What up, lollard?! I think many INFJs relate to art. Maybe even a startling amount.

I can relate in how when I ever try to work creatively I feel as if I'm approaching some sort of layer I'm trying to exceed. That's my way of being in the moment. I'm trying to feel it so that it's so real that I can push through and make my ideas seem palpable. Or nearly so. It's become easier to do this by just letting it happen rather than trying so hard. This goes for lyrics writing and composing. I haven't written a song in ages. I usually trifle with poems that I've savored the potential of one day transforming to songs if I come back to them. I riddle my facebook statuses with them. It's debaucherous, but it gets the spirits going.

I mainly focus on self-taught vocals as a musician. I've studied piano and smattered in guitar. I have a very free-reign range over my creative processes. My style in my vocals, writing and composing is very experimental. Thoughts of being hankered down by rules are too irksome. People chide me for trying to couple opera and rock in my technique. It's experimental. lol

But mostly, I can relate to that improvisation element you described. I've gotten much better at letting my muse take my sight. It's so much less to do with what I know I'm doing and much to do with where I go as I explore the degree of my emotions. Sometimes it's like skydiving, or deep-sea diving, or submerging in pure filth. It's becoming less disappointing as time goes on when doing this.

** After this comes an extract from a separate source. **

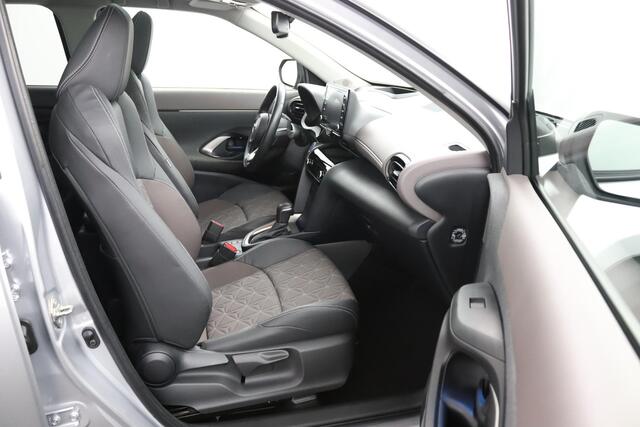 Toyota YARIS Cross 1.5 Hybrid Executive Plus | 360 Camera | Panoramadak | Elektrisch bedienbare Achterklep | Head Up Display | Stuur en Stoelverwarming |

I especially love how my taste in music reflects my own aspirations in the field. I enjoyed reading and responding to your post. Your approach is really interesting to me. Keep it up!


----------



## Jewl (Feb 28, 2012)

@lollard - Hey there! Welcome to PerC, first and foremost. ^_^ 

I'm not entirely sure if playing by ear has a lot to do with type. I actually relate to much of what you said. You see, I've got two passions in life: music and studying people. I can read music, but I don't prefer to do so. I'm bad at sight reading. I would much rather play things by ear. However, there's so many lovely songs out there that I do have to get better at sight reading. Piano is my main instrument. I play a bit of guitar and some ukulele. I make inanimate objects my percussive instruments. ^_^ Lol. 

I love figuring songs out by ear by other people as well as composing. I have made songs for the piano with no vocals, and I have a couple of songs with vocals for both the piano and guitar. My music does sound different than most things out there. I notice lots of people, when they compose, they compose "new age"-ish things. I don't know what it is about it, but I'm not a fan. To me it lacks something important most of the time. I don't compose that sort of thing. I don't really know what to call it. 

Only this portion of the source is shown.